True that ... the KA-6 had @ 10K 'to give', more in extremis or on a short cycle ... but the WHALE had more on a regular basis ... don't exactly remember how much more as the tankers never visited us, but 'more' in any case ... the only WHALEs I had any personal experience/hands on time with were the EA-3B's operated by VQ-1 dets out of Guam and CUBI.
THEY had 'noting' to give ... they just gave the AirWing shit & 'tested' everyone at the blunt end of the BOAT w/ their high zero fuel weight vs. their max trap weight.

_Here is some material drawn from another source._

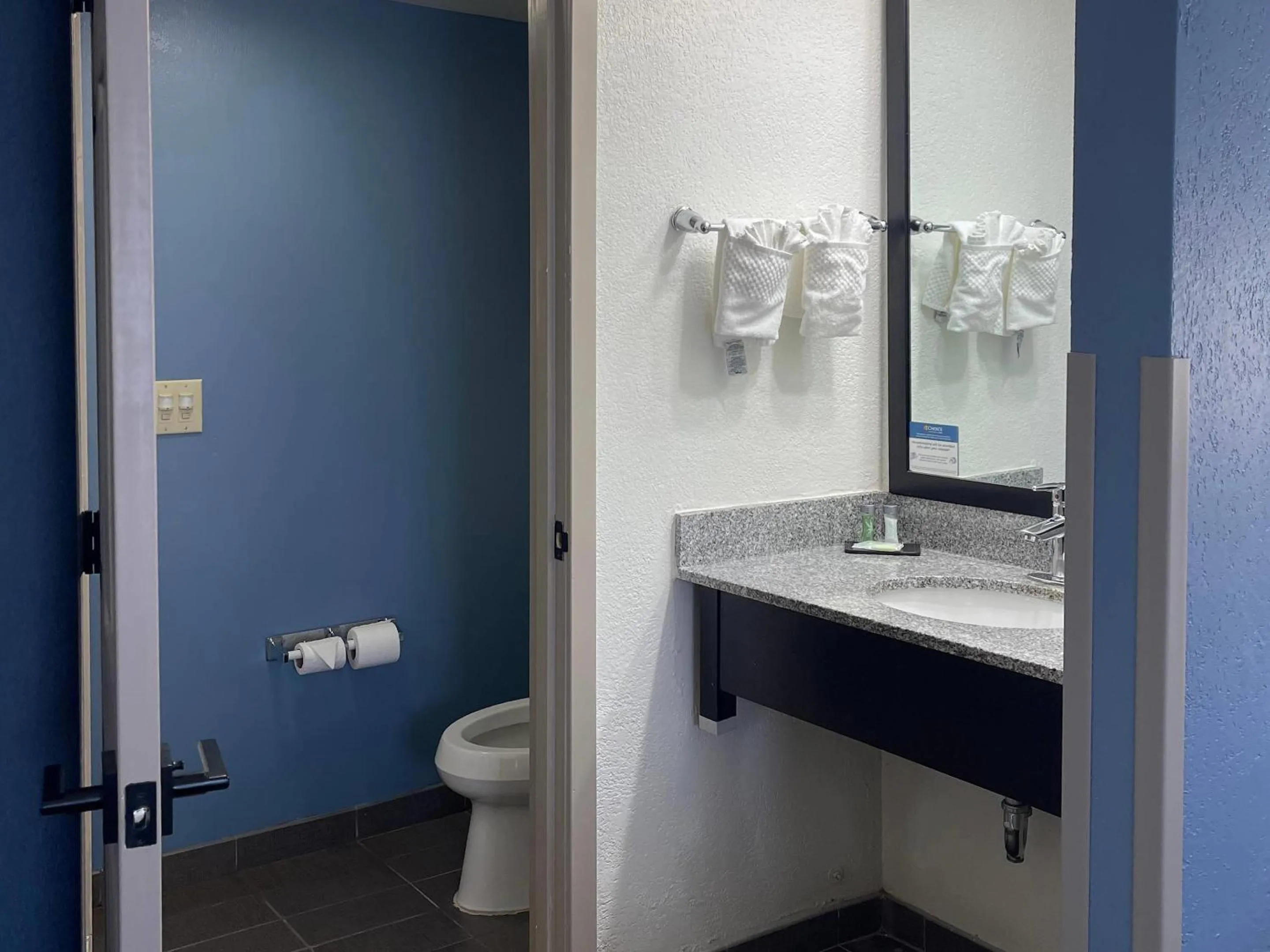 Bedroom in Sleep Inn Hanes Mall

Trivia time: one of their guys, last name of 'Otto' if I recall correctly (no relation to our Air Warriors 'Otto' ), had some kinda' record for most 'FLEET consecutive traps' ... some of them, compliments of ME wavin' HIM ... a terminal O-4, the guy was a ROCK in the groove. 'Rock' as in steady ...
You're welcome, Otto ...
Any port in a storm. And when the night is black, the WX nasty, the deck pitching and maybe turning, and the
EMERG-FUEL red light glares in your eyes telling you, you might only have one more chance (maybe), any tanker will do. And you thank your lucky stars that you can find it because it has a good driver!!! (Even if it is an A-7 with a buddy store, where you had to run the F-4 rudder trim all the way to the stop, and it still wasn't enough!)
Never had any experience with queer whales. But ours got kicked off the deck to be based ashore in Da Nang. While this probably had something to do with the A-3's deck-multiple, it probably had more to do with two whale incidents on our cruise.
1. We had a whale trap at night a bit right of centerline. His right wingtip went through the (unmanned, fortunately) cockpits of three of our HC-7 combat SAR helos parked starboard.
2. Don't know if it was the same guy, but we also incredibly had a whale trap gear up, unintentionally! (I met the pilot some years later in fire fighting school. I really didn't remember him from our cruise until he said, "I was the guy who trapped wheels up." Well yeah, OK, yes I remembered that! And I couldn't believe he admitted it!)
Never knew Otto. But those rails guys were never any fun watching, right before our "roll 'em in Ready-One. We vultures fed on night-time drama.